Kış sözünün Orta Asya halklarında telaffuz şekli kıs tır. Kıs, kısılmak ile aynı manaya gelir. Kış gelince soğuktan insanlar kısılır kalır. Bahar mevsimine ise Azerbaycan dilinde yay denilir. Yaylanmak, yayılmaktan gelen bu kelimenin, kısılmayı yani kışı takip etmesi dikkat çekicidir.

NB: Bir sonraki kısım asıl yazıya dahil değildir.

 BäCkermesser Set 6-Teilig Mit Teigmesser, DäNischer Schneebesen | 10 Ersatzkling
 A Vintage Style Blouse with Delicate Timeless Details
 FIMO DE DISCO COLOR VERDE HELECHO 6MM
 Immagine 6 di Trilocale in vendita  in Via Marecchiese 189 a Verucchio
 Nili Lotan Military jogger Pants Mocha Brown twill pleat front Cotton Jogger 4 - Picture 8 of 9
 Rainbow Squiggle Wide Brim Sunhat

Kışın kısılan insan ve hayvanlar, baharla birlikte yayılmaya dağılmaya başlar
sevmiyorum işte.
sevmiyorum olum.
lan üşüyorum.
bakkala gidene kadar götüm donuyor.
elimi yıkasam ellerim buz kesiliyor.
sigara içmek için arabanın camını açsam kafam üşüyor.
montla gezmek, pantolonun altına içlik giymek.. bunlar adamı yoran şeyler.

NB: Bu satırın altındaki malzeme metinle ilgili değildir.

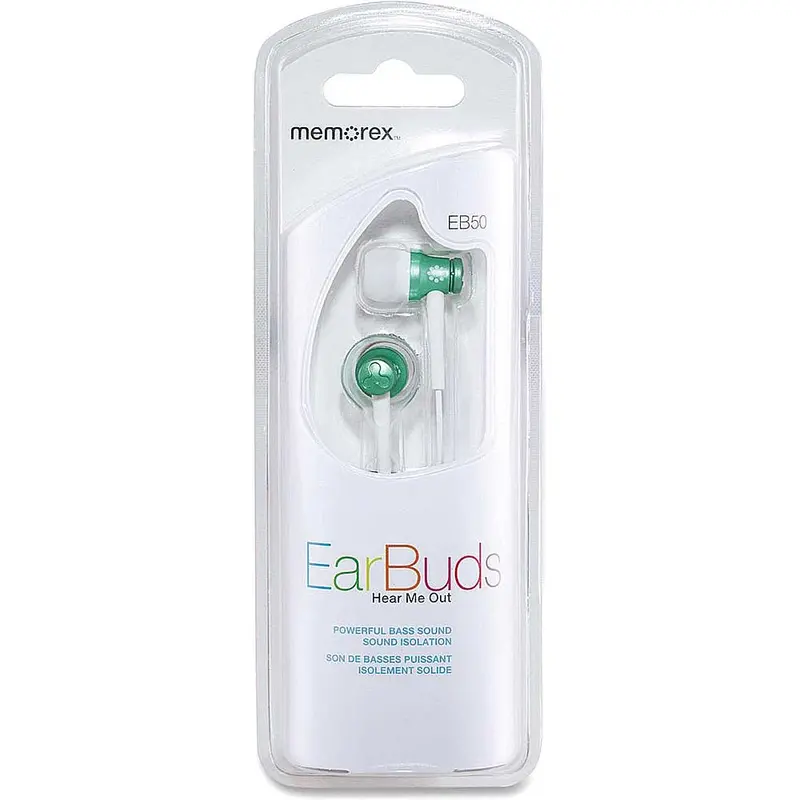Eb50gn Earphones, Green 1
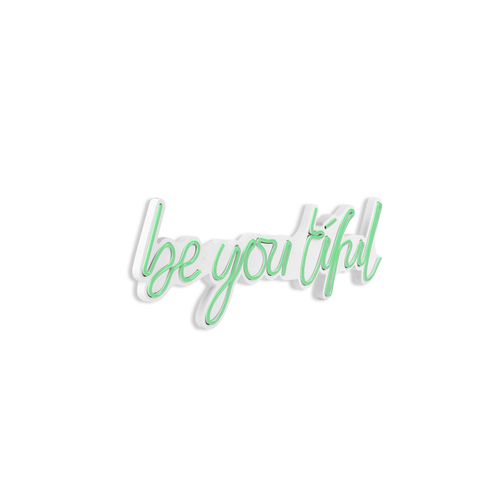 Wallity Ukrasna plastična LED rasvjeta, Be you tiful - Green slika 6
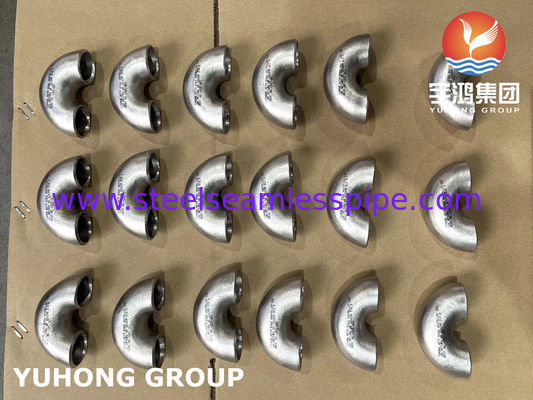 Hastelloy C22 / N06022 180° LR Αγκώνας | ASTM B366 Εξάρτημα Συγκόλλησης Υποδοχής από Κράμα Νικελίου για Διαβρωτικές Εφαρμογές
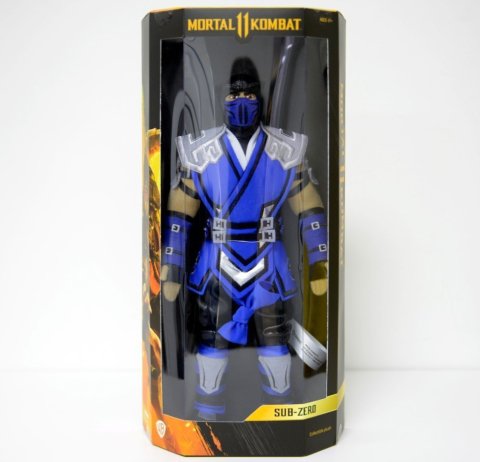 Мягкая игрушка фигурка WP Merchandise Mortal Kombat Sub-Zero Сабзиро плюш 34 см - -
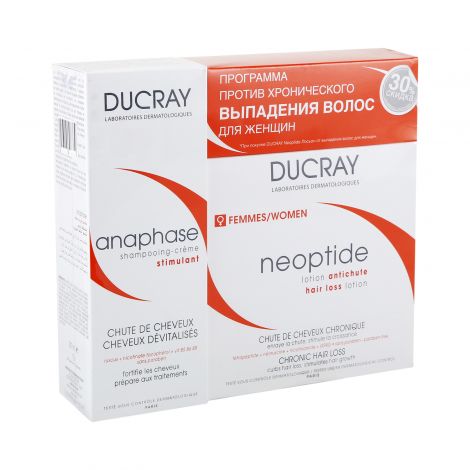 Дюкрэ Неоптид набор лосьон против выпадения для женщин 30млх3+шампунь Анафаз 200мл №2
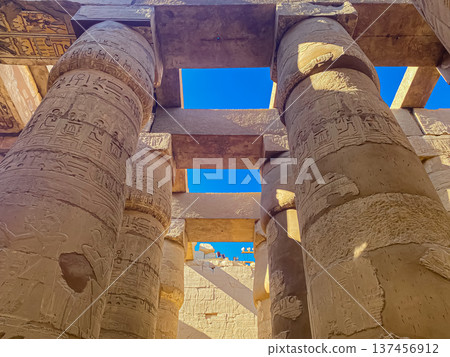 Karnak Temple is dedicated to the temple complex of Ancient Egypt. Thebes, Karnak, Luxor, Egypt Karnak Temple is dedicated to the temple complex of Ancient Egypt. Thebes, Karnak, Luxor, Egypt 137456912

sırf karizmam çizilmesin diye gömlekle dolaşıyorum, sonra burnum akıyor.
soğuğun erkekliği olmaz derler ya, harbiden doğru.
en kralını dize getirir valla.
özellikle karlarla kaplı bir kış düşüncesi, dünyanın en mutlu insanı yapabiliyor sizi. sadece muhteşem karları yağarken görmek bile, ruhunuzu gölgeleyen onca düşünceyi kapıdışarı edebiliyor ve yerine manyakça bir huzuru bırakabiliyor. üstüne, bir de kış şarkıları atın. bu''anathema'' olabilir. playliste'nizde ''dreaming light'' yada ''one last goodbye'' tavsiyemdir , sıcacık bir kahve veya bir fincan sıcak çikolatayla, dunyanın nasıl birden bire değişip harkulade bir yer olduğunu gözlerinizle görün. şahsen ben, yılın bu vakti, berbat düşüncelerden kurtulmayı sayesinde başarmış, eldorado yollarına düşmüş durumdayım.
öyle benziyoruz ki birbirimize.. bu gibi dışarıya, cama, suratlarına keskin nefesler üflüyoruz, çarpıyoruz soğukla bir bir yüzlerine, ellerine.
kaçışıp çekiniyorlar doluya tutulmayalım diye, sonra zamanı gidiyor kızın, öyle özlüyoruz ki birbirimizi?
sırf daha rahat baharlarımız sevişsin diye, sokakta feda ediyoruz birbirimize kanımızın iç ısıtan sıcaklığını..
söylesenize, kış deseydi ki "bahar yüreğimdedir." diye, kim inanırdı ona?
aralık, ocak ve şubat aylarıyla özdeşleşen bir mevsim. etrafı bembeyaz karların kapladığı, tabiatın uykuya daldığı, kuşların güneye göç ettiği, kenar mahallelerdeki evlerin bacalarından siyah duman çıktığı, soğuk mu soğuk bir mevsim.